--- ABOUT THIS TASK ---
Your answer should be an exact copy of the lines from the one holding "251107_ユーザーの勤怠登録-承認-修正について.png" to the end of the material below, pictures left out.

┏━━

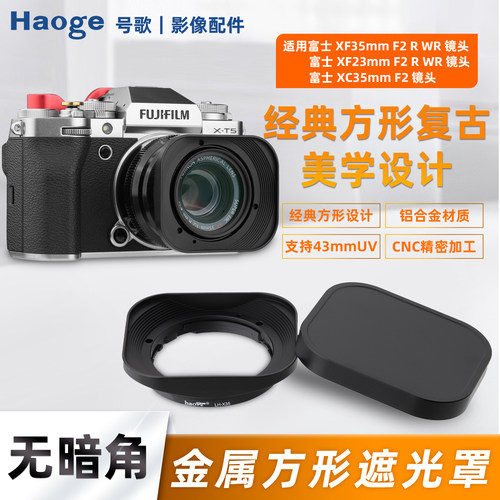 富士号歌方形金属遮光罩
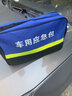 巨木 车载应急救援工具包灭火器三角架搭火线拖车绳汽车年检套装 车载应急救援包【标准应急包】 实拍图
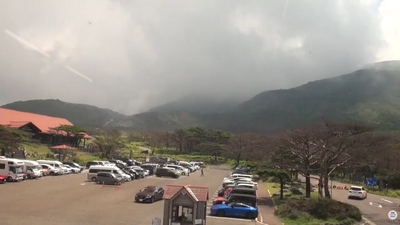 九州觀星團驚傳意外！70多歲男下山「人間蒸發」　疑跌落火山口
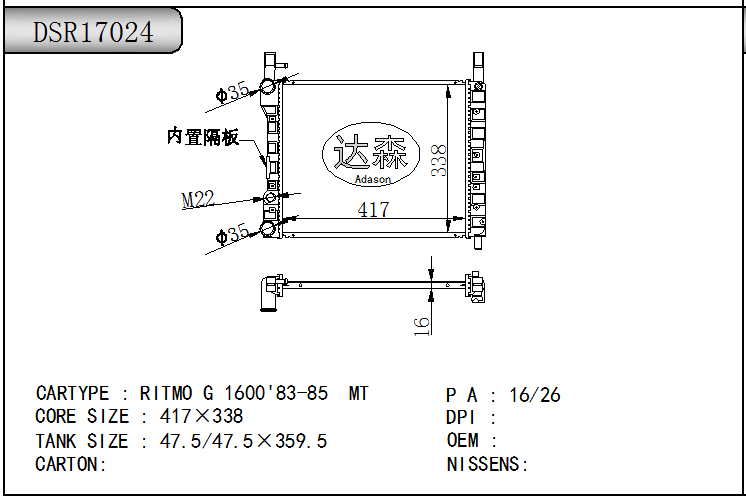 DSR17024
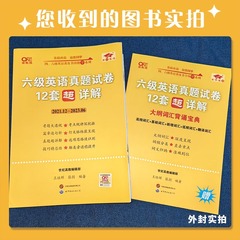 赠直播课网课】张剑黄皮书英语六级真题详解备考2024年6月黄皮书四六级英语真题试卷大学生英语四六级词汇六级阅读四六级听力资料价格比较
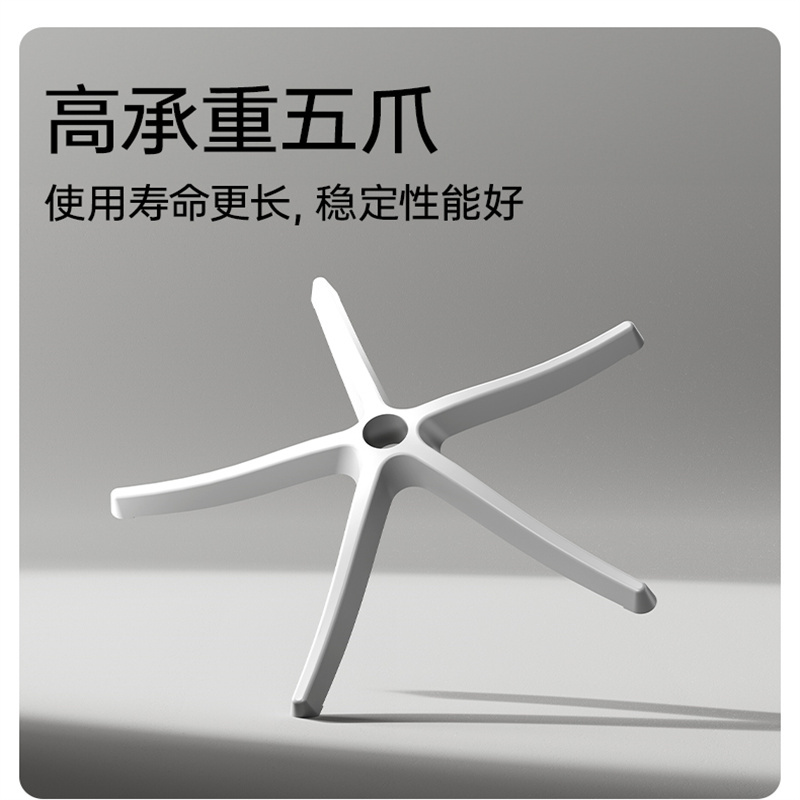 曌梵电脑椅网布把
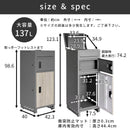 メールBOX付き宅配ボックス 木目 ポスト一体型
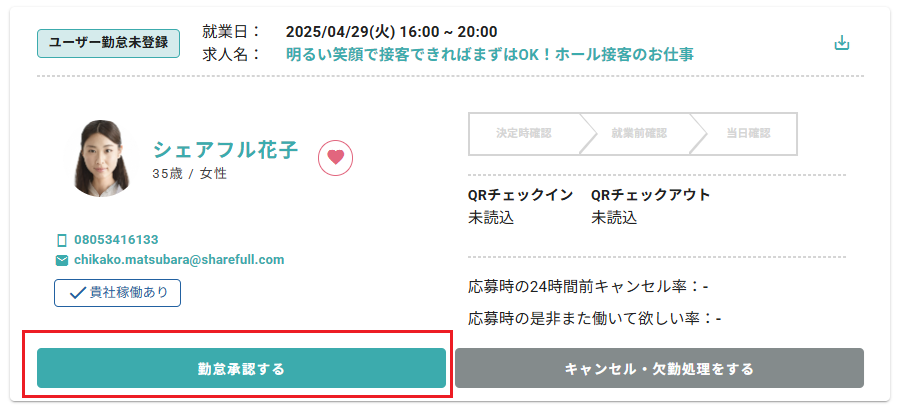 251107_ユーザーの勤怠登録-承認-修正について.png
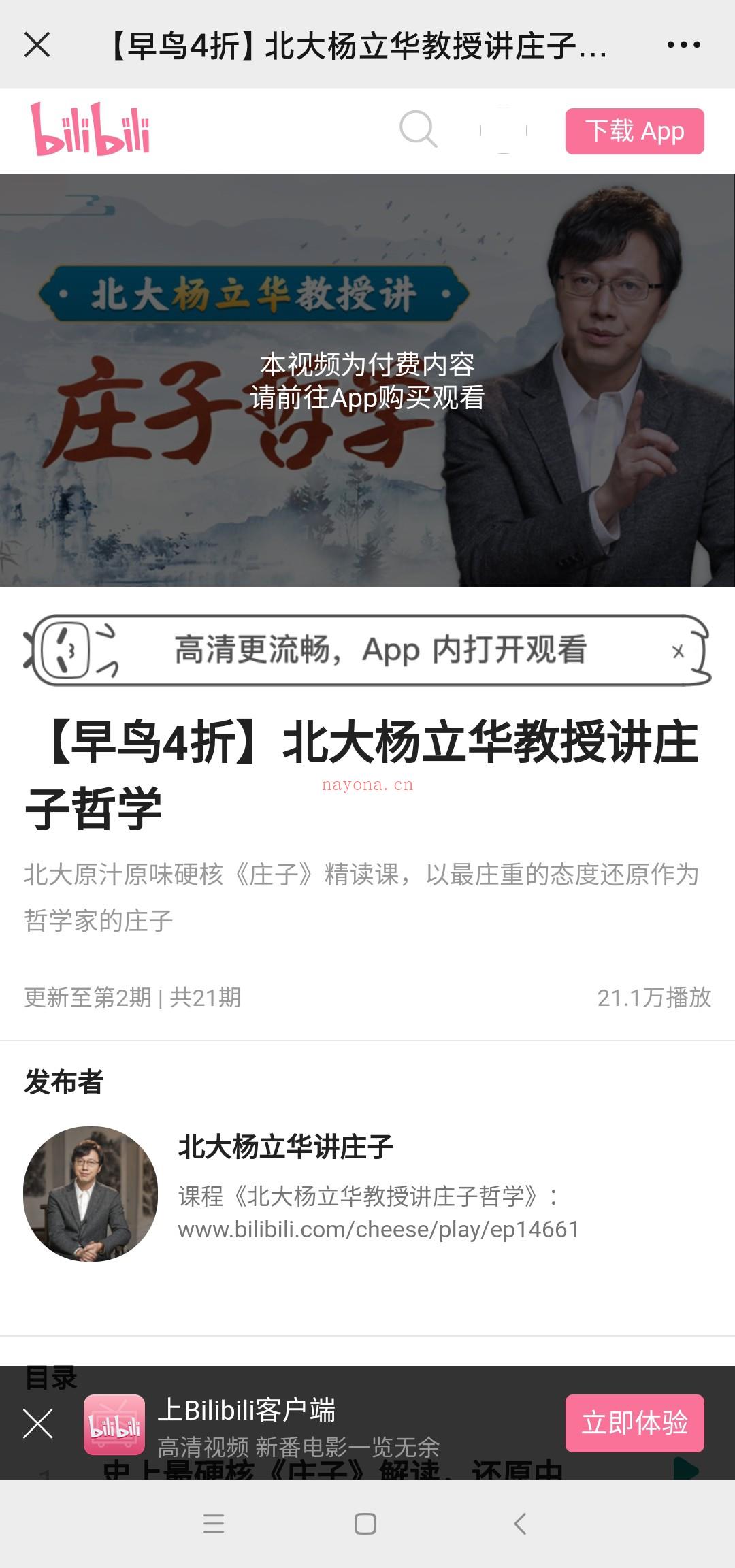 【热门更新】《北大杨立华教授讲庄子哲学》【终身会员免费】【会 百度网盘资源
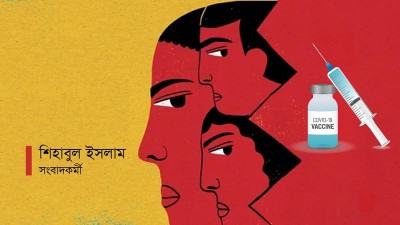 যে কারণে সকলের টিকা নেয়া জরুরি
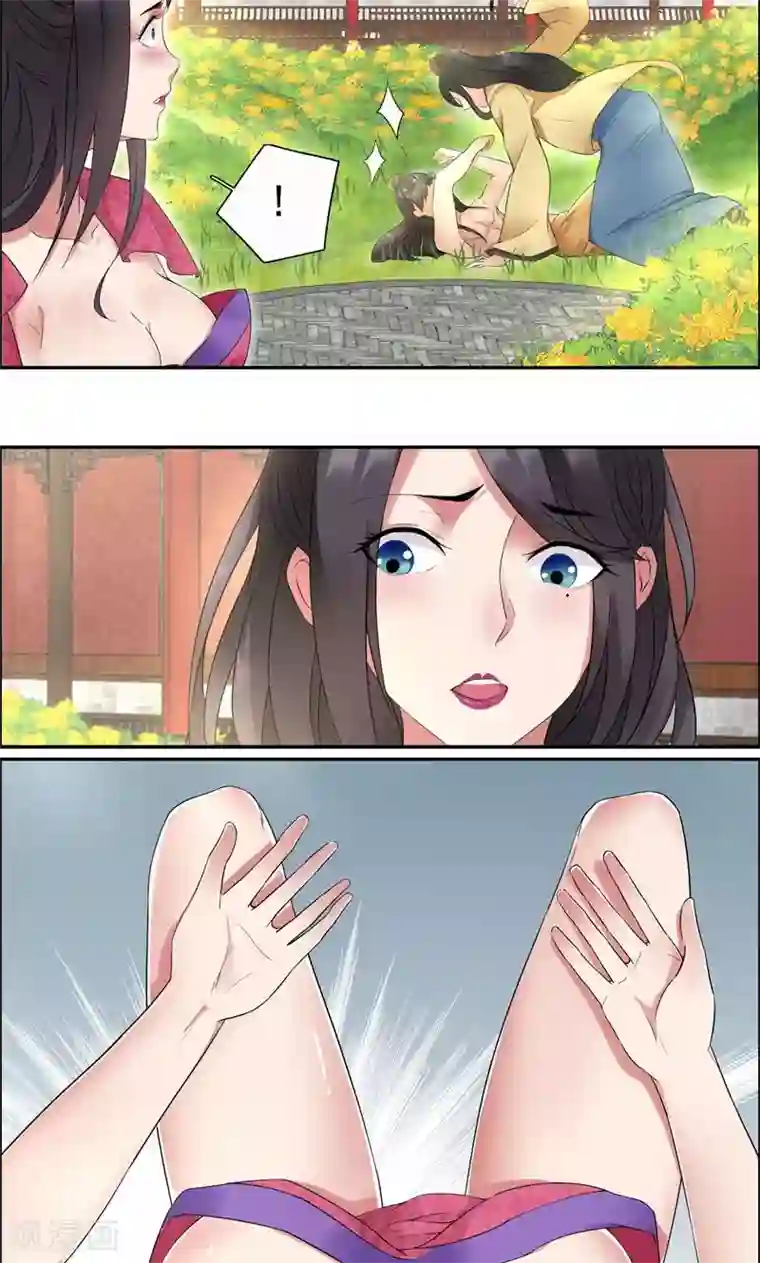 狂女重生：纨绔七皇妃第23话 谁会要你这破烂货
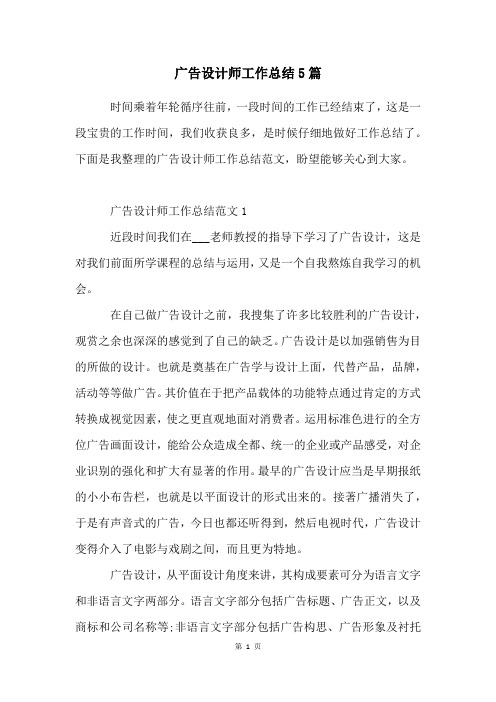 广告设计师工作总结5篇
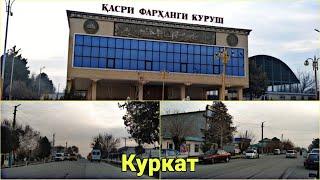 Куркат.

┗━━

--- RESPONSE TO THE TASK ---
 251107_ユーザーの勤怠登録-承認-修正について.png
 【热门更新】《北大杨立华教授讲庄子哲学》【终身会员免费】【会 百度网盘资源
 যে কারণে সকলের টিকা নেয়া জরুরি
 狂女重生：纨绔七皇妃第23话 谁会要你这破烂货
 广告设计师工作总结5篇
 Куркат.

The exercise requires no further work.